Not quite true. Someone posted Jeff’s latest results on LKML (Jeff was using 2.6.23) and then Ingo redid the benchmark with the latest development code for CFS and the results were better.
> Yeah maybe in your very dreams.
Please take a look at this:
http://people.freebsd.org/~kris/scaling/7.0 Preview.pdf
As you can see at page 11, FreeBSD 5.5 didn’t scale at all, version 6.2 did a little better, but only for very few threads. 6.2 is still the stable version and Jeff published his first benchmarks of the new ULE scheduler in the beginning of 2007.
> Linux is working with hype and error permissiveness, > *BSD is working with quality and reliability in mind.
Yeah right… the old urban legends again. Linux is all crap and BSD is pure quality!
> Btw. for all of these benchmarks always the latest
> patches were used
You are wrong again. Jeff was using 2.6.23 and testing it against bleeding-edge FreeBSD, even though Ingo’s development branch of CFS had lot’s of improvements.
Debian still doesn’t have 2.6.23 even in Experimental.
Of course, they are always somewhat behind
Well the problem with this particular benchmark is another thing. Who has access to an 8-way SMP machine? I guess most of the core-kernel hackers (which includes Ingo) work from home. So he has to call someone at Redhat to test his patches on a big machine. Usually you have to reserve your spot in advance (it was like this when I did an internship at IBM). At least thats what I would think. So it’s not that easy to validate the benchmarks.

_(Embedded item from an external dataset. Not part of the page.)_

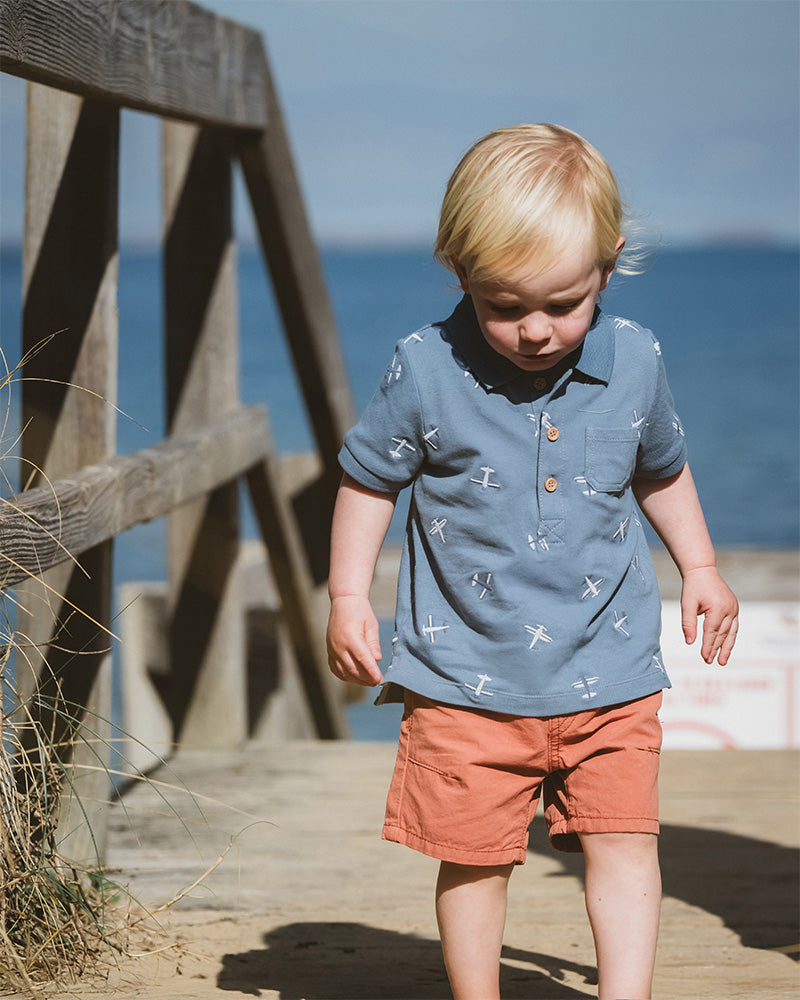 Bebe Harlan Airplane Embroidered Polo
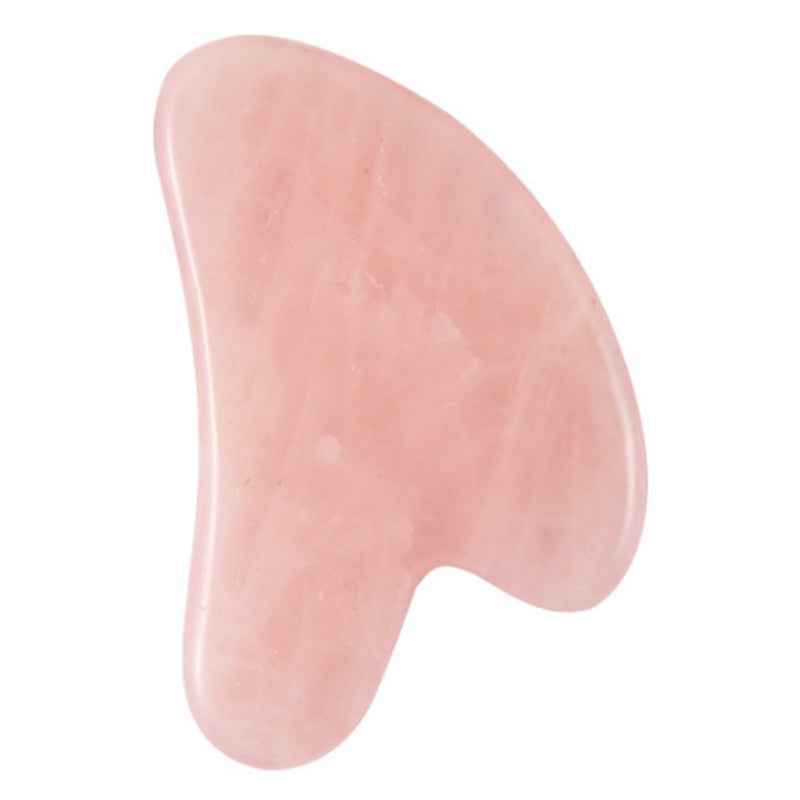 Loquat Natural Rose Quartz Stone Guasha Facial Face Neck Body Gua Sha Board Massager - Image 1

$1500 and you can build one with 8GB ram.
$2000 and you can buy one from dell with 8GB ram
That’s the price of desktop machines 10 years ago.
Most Linux Kernel Hackers are working maybe at home, but they are working for a company (more than 60% of the kernel development is done by companies). Last not least the benchmarks were in (positive) discussion even at the LKML. It’s obvious that most people in this comments don’t have any clue what they’re talking about, so it will always end in a flamewar.